Santhera is currently evaluating a number of different options to secure additional financing of the Company which besides equity-based funding also includes debt financing, royalty financing, standby equity distribution agreement as well as the monetization of receivables.
At the forthcoming Annual General Meeting on April 22, 2020, the Board will propose the increase of authorized capital from CHF 3,000,000 to CHF 5,500,000 and an increase of conditional capital from CHF 2,500,000 to CHF 4,800,000.
Subject to approval by the Company’s shareholders, this would enable Santhera to raise new capital later in 2020 to support the achievement of regulatory and commercial milestones for Puldysa and vamorolone, to exercise the license option for vamorolone and to further strengthen its resources, especially in view of important product launches planned for 2020/2021. Furthermore, the Company is currently evaluating a restructuring of the CHF 60 million Senior Unsecured Convertible Bonds due in February 2022 including a significant reduction of the conversion price which would increase the likelihood of conversion into shares rather than repayment.
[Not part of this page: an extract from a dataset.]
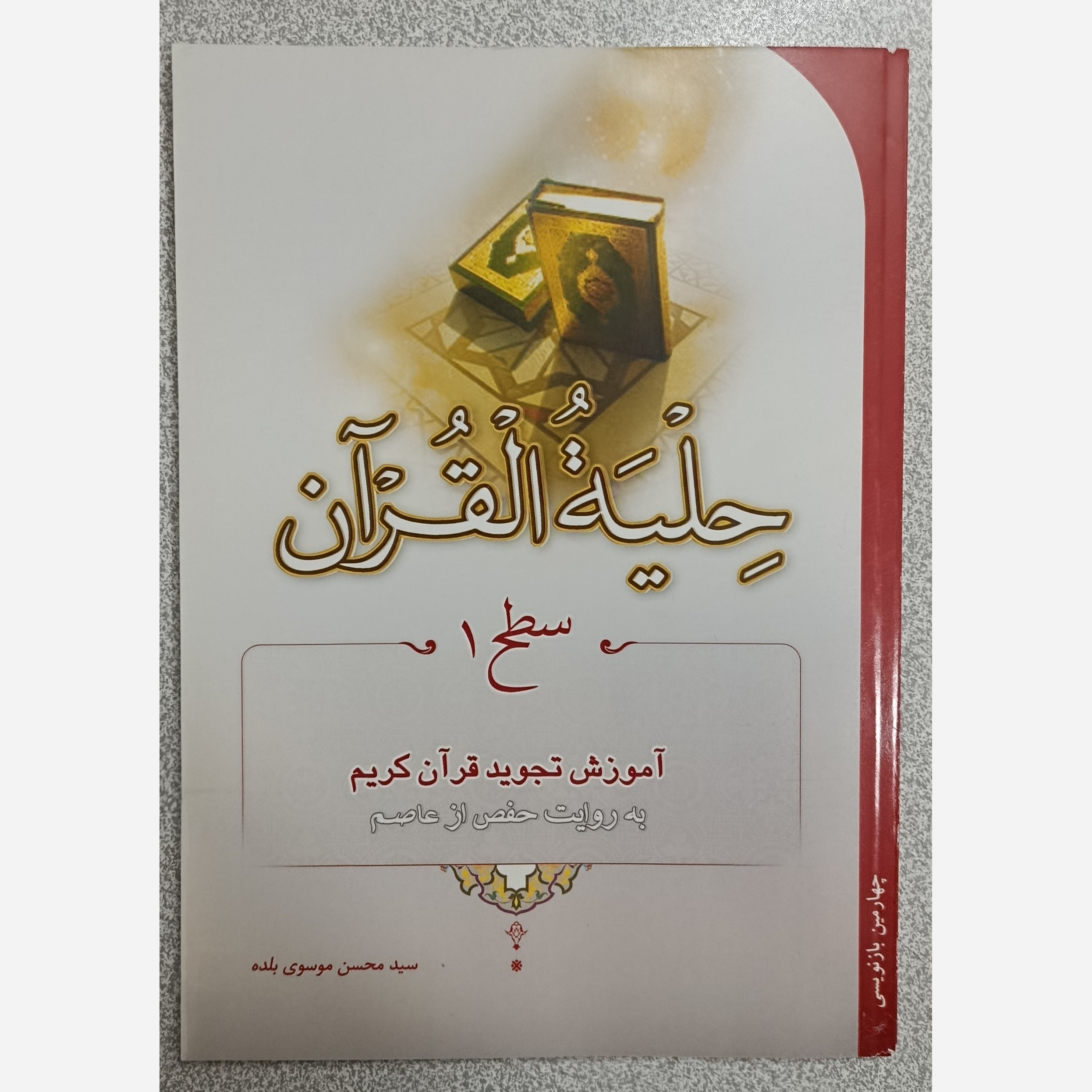 کتاب حلیه القرآن سطح یک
Pipeline projects on track to reach key near-term inflection points
Anticipated near-term inflection points towards approval for both DMD pipeline candidates Puldysa (idebenone) and vamorolone are:
Santhera’s strategic priorities for 2020 are its neuromuscular franchise: Puldysa and vamorolone in DMD. For Puldysa, the focus is on the preparation for European market entry in DMD later in the year and the completion of enrollment into the SIDEROS trial to support planned regulatory submissions, particularly in the US. For vamorolone, the key milestone will be the VISION-DMD topline 6-month data readout, which if positive would allow for preparation of the NDA filing and pave the way for Santhera’s option exercise.
In parallel, the Company is advancing its clinical stage candidate POL6014 for cystic fibrosis and is evaluating further diversification of its platform type pipeline products, including development of additional indications in collaboration with partners. The pipeline also includes a discovery-stage gene therapy approach targeting congenital muscular dystrophies.